The space usage is constant because the frequency arrays never grow with input size.
Test Cases
from typing import List
class Solution:
def findAnagrams(self, s: str, p: str) -> List[int]:
if len(p) > len(s):
return []
result = []
p_count = [0] * 26
window_count = [0] * 26
for i in range(len(p)):
p_count[ord(p[i]) - ord('a')] += 1
window_count[ord(s[i]) - ord('a')] += 1
if p_count == window_count:
result.append(0)
left = 0
for right in range(len(p), len(s)):
window_count[ord(s[right]) - ord('a')] += 1
window_count[ord(s[left]) - ord('a')] -= 1
left += 1
if p_count == window_count:
result.append(left)
return result
solution = Solution()
assert solution.findAnagrams("cbaebabacd", "abc") == [0, 6] # basic example
assert solution.findAnagrams("abab", "ab") == [0, 1, 2] # overlapping matches
assert solution.findAnagrams("aaaaa", "aa") == [0, 1, 2, 3] # repeated characters
assert solution.findAnagrams("abcdef", "gh") == [] # no matches
assert solution.findAnagrams("a", "a") == [0] # single character match
assert solution.findAnagrams("a", "b") == [] # single character no match
assert solution.findAnagrams("ab", "abc") == [] # pattern longer than string
assert solution.findAnagrams("baa", "aa") == [1] # match at end
assert solution.findAnagrams("aaabaaa", "aaa") == [0, 4] # multiple repeated groups
assert solution.findAnagrams("abc", "cba") == [0] # full string match
| Test | Why |
|---|---|
"cbaebabacd", "abc" |
Standard example with separated matches |
"abab", "ab" |
Validates overlapping windows |
"aaaaa", "aa" |
Tests repeated character handling |
"abcdef", "gh" |
Ensures no false positives |
"a", "a" |
Smallest valid matching input |
"a", "b" |
Smallest non-matching input |
"ab", "abc" |
Pattern longer than string |
"baa", "aa" |
Match occurs at the end |
"aaabaaa", "aaa" |
Multiple repeated-character windows |
"abc", "cba" |
Entire string is an anagram |
Edge Cases
Pattern Longer Than the String
If p is longer than s, no substring of s can possibly match the required length. This is a common source of index errors in sliding window implementations.

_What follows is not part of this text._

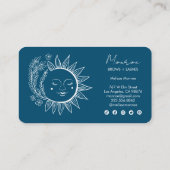 Sun Flower Boho Line Kunst, Dichtung und Musik Visitenkarte (Rückseite)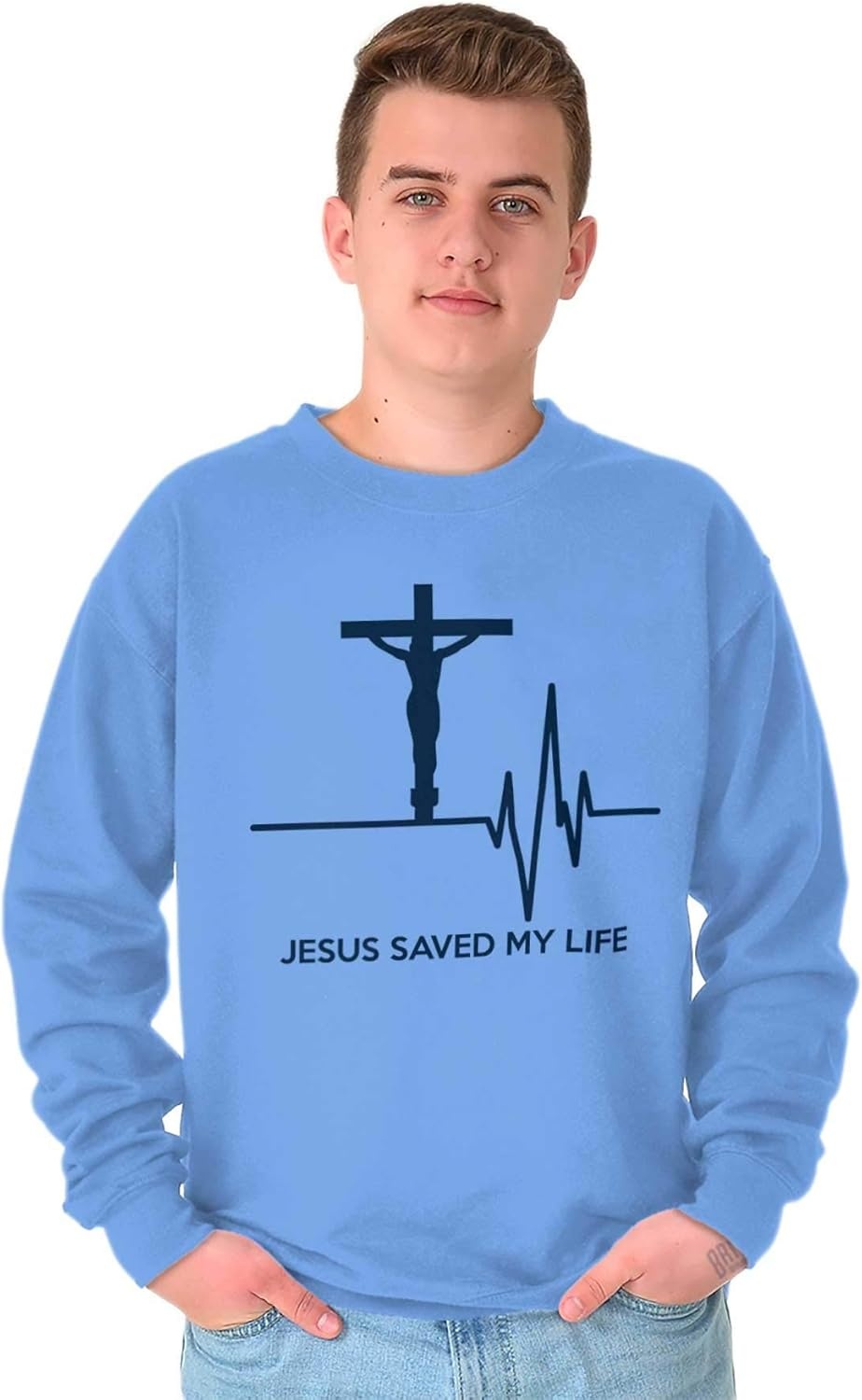 image:imageBrisco Brands Jesus Saved My Life Crucifix Sweatshirt for Men or WomenCarolina Blue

The solution handles this immediately with:
if len(p) > len(s):
return []
This prevents invalid window initialization and unnecessary work.
Repeated Characters
Cases like:
s = "aaaaa"
p = "aa"
can expose bugs in implementations that only track unique characters rather than exact frequencies.
The algorithm correctly tracks counts for every character, so overlapping windows like "aa" are all detected properly.
Overlapping Anagrams
Inputs such as:
s = "abab"
p = "ab"
contain overlapping valid windows.
A naive implementation might accidentally skip windows after finding a match. The sliding window moves exactly one position at a time, ensuring every possible substring is checked.
Match at the Beginning or End
Some implementations incorrectly handle boundary updates and miss windows at the edges of the string.
Examples include:
"abc", "abc"
"baa", "aa"
The algorithm explicitly checks:
- The initial window before sliding
- Every subsequent window after each update
This guarantees matches at both boundaries are detected correctly.